AWR IS NOT GOOD ENOUGH
If you rely totally on the AWR tables, you will not have enough history to get meaningful answers. Depending on your retention settings, you will likely have about 30 days of history. Normally, that's just fine, but not so good for historical comparisons.
We have found it useful to save a subset of the AWR tables for a much longer period. We don't bother with the massive ASH tables, since they aren't so vital for runtimes. So, everyday we save the all the entries from just five AWR tables using a daily PL/SQL job. If you restrict your long-term retention to just the tables below, the added storage will be small.
We save the data in these slightly-renamed tables, and put them in their own schema:[1]
da_dba_hist_snapshot
da_dba_hist_sqlstat
da_dba_hist_sysstat
da_dba_hist_system_event
da_dba_hist_service_stat
Once you have the mechanism in place to save this critical information, there are lots of ways to use it.
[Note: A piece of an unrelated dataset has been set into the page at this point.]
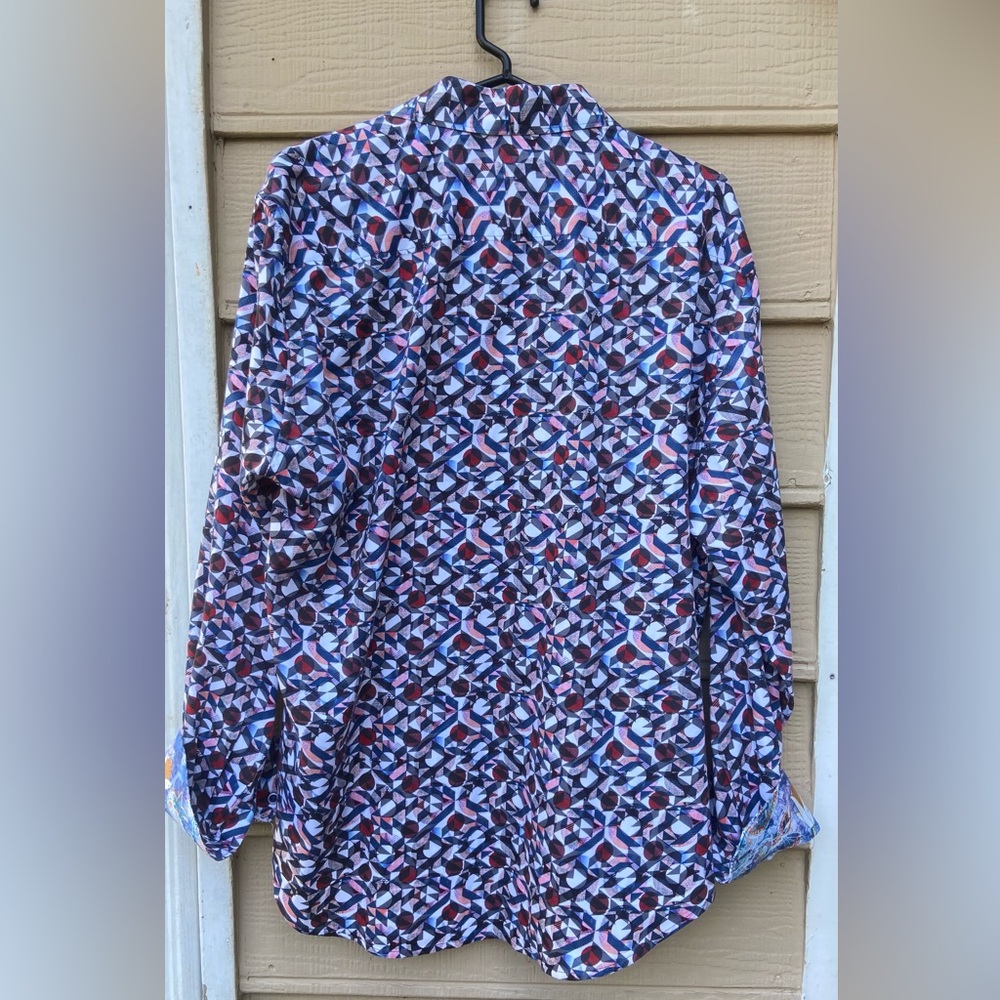 Robert Graham Faro Kaleidoscope Long Sleeve Shirt Paisley Flip Cuff Button Front - Picture 6 of 12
Let's take a look at just one way.
A USEFUL SCRIPT
Focusing on our customer request to show historical disk i/o, we can use our special table, Da_Dba_Hist_Sysstat, to retrieve the necessary metrics. I decided to roll-up the data to a week, since the daily variation may be large. Also, we have eight nodes in a RAC cluster, so I will sample one busy node, node 4. This script finds the historical number of disk reads, and groups by week number:
With S1 As (
Select /*+Parallel(X 10) */
Snap_Id, (Sum(Value/1000000000)) Gb
FromDa.Da_Dba_Hist_Sysstat X
Where Instance_Number = 4
And Stat_Name In('physical read bytes')
Group By Snap_Id),
--
S2 As (Select Snap_Id,
Gb - Lag(Gb,1) Over(Order By Snap_Id) Totrds From S1 )
--
Select
To_Char(Begin_Interval_Time, 'YYYY') YYYY,
To_Char(Begin_Interval_Time, 'WW') WW,
Round(Sum(Totrds)) GB_READS From S2, Da.Da_Dba_Hist_Snapshot S
Where S.Snap_Id = S2.Snap_Id
And S.Instance_Number = 4
And Totrds > 0
Group By
To_Char(Begin_Interval_Time, 'YYYY'),
To_Char(Begin_Interval_Time, 'WW')
Order By 1,2;
YYYY WW GB_READS
---- -- ----------
2012 17 46479
2012 18 45285
2012 19 47711
2012 20 49652
2012 21 41708
2012 22 36269
2012 23 39911
2012 24 45352
2012 25 44132
2012 26 41426
2012 27 33086
2012 28 38059
I decided to focus on the total amount of bytes read from disk. We use the "Lag" analytic function to convert cumulative statistics to delta values by Snap_Id. Also, note that we specific the Instance_Number. Otherwise, the Lag will be mixing up different instances.
Observe that the statistic name, "physical read bytes" is in lower case, like the other metrics. This is an odd way of formatting things, so be careful. When formatting the code, I accidentally changed the case; then, of course, nothing worked.
DISPLAY RESULTS
As always, I find it best to display the results graphically. In the graph below, one can see that there has only been a gradual increase in the total amount of disk reads over two years. The two large dips are apparently due to a system outage.
SUMMARY
By using our "extended" AWR tables, it's possible to get some very useful information on historical I/O. This paper illustrates just one benefit of keeping these extended tables.